▸ **Recorded information**:
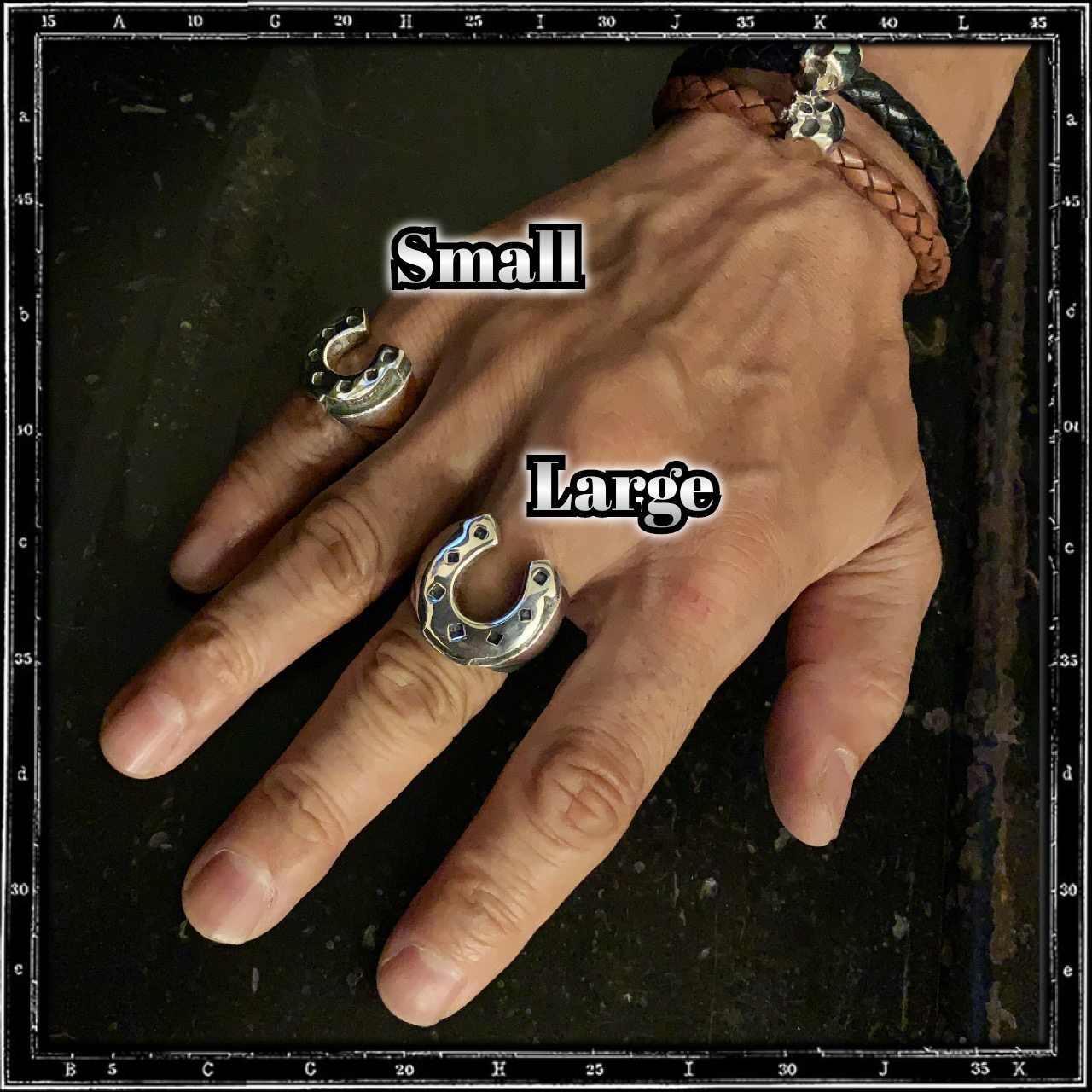 HORSESHOE RING - LARGE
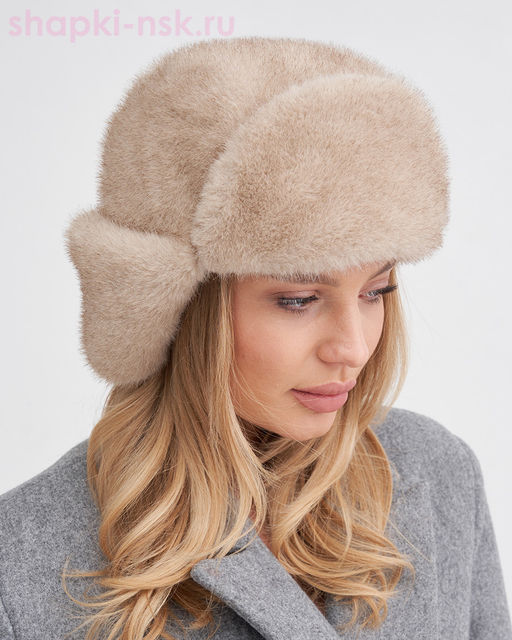 Дина экомех норка Ушанка флис (56-58)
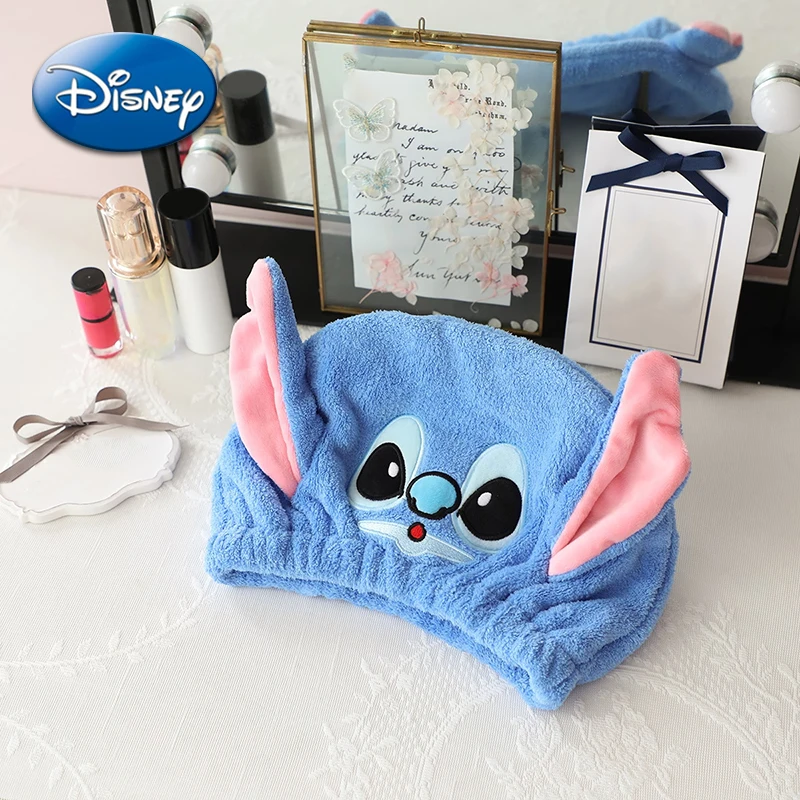 

Disney Stitch Hair Towel Toy Story Lotso Anime Figures Quick Dry Hat Super Absorbent Cap Bath Wrap Wipe Towels Girls Women Gifts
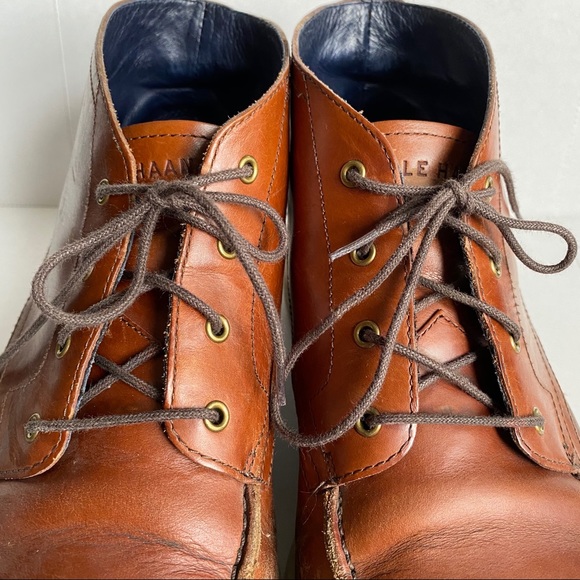 Cole Haan Lunagrand Leather Chukka Boots - Picture 3 of 16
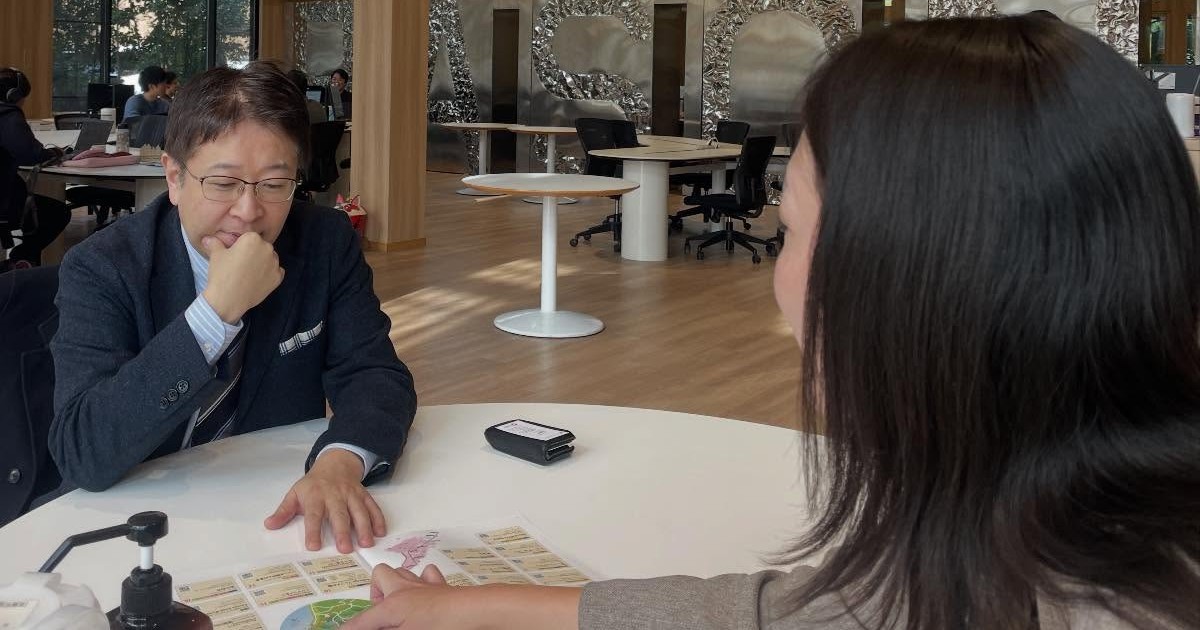 朝比奈とCMO 田中が、パソナグループが進める淡路島での地方創生の取り組みについて視察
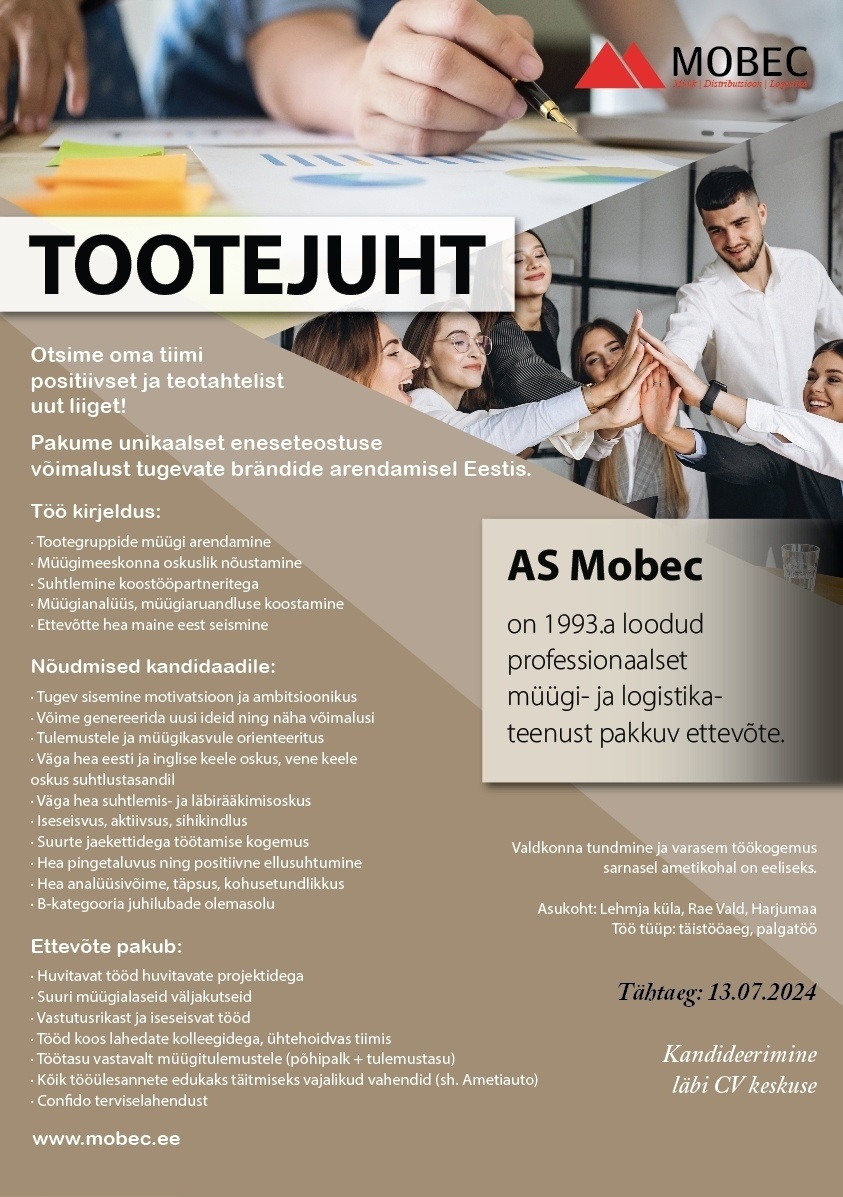 Mobec AS TOOTEJUHT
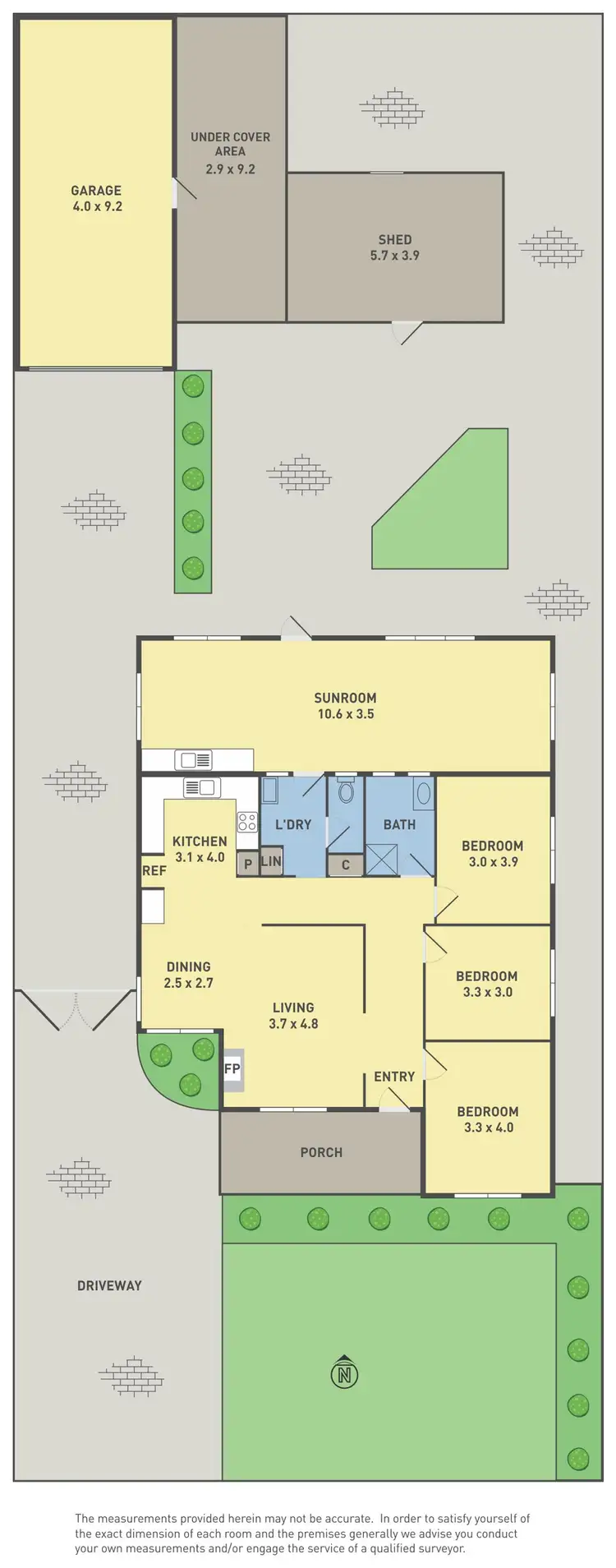 Floorplan of Homely house listing, 26 Laming Road, Deer Park VIC 3023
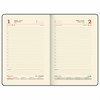Ежедневник датированный 2025, А5, 151х213 мм, BRAUBERG "Note", под кожу, держатель для ручки, резинка-фиксатор, серый, 115933 - фото 4040516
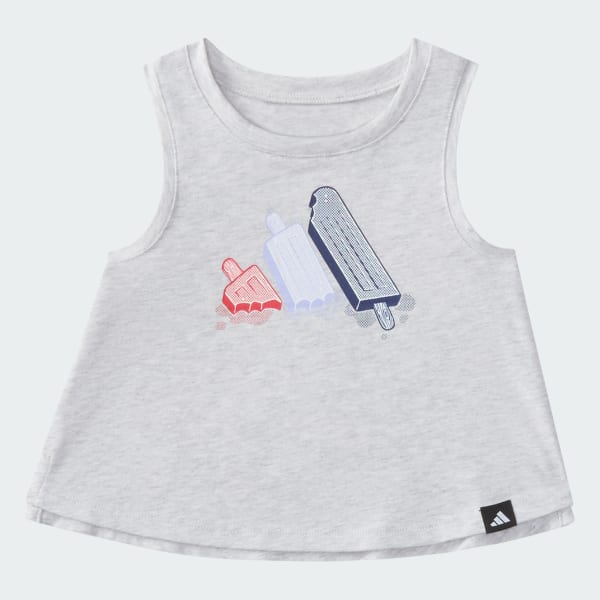 adidas Two-Piece Waist Heather Tank & 3-Stripes Skort Set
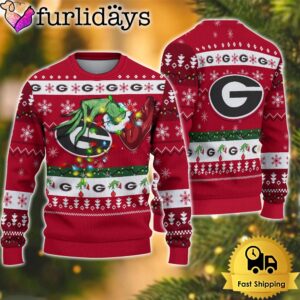 NCAA Georgia Bulldogs Merry Christmas Grinch…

▸ **Exercise**: The data above should be restated exactly, with its images dropped.

▸ **Written answer**:
 HORSESHOE RING - LARGE
 Дина экомех норка Ушанка флис (56-58)

Disney Stitch Hair Towel Toy Story Lotso Anime Figures Quick Dry Hat Super Absorbent Cap Bath Wrap Wipe Towels Girls Women Gifts
 Cole Haan Lunagrand Leather Chukka Boots - Picture 3 of 16
 朝比奈とCMO 田中が、パソナグループが進める淡路島での地方創生の取り組みについて視察
 Mobec AS TOOTEJUHT
 Floorplan of Homely house listing, 26 Laming Road, Deer Park VIC 3023
Ежедневник датированный 2025, А5, 151х213 мм, BRAUBERG "Note", под кожу, держатель для ручки, резинка-фиксатор, серый, 115933 - фото 4040516
 adidas Two-Piece Waist Heather Tank & 3-Stripes Skort Set
 NCAA Georgia Bulldogs Merry Christmas Grinch…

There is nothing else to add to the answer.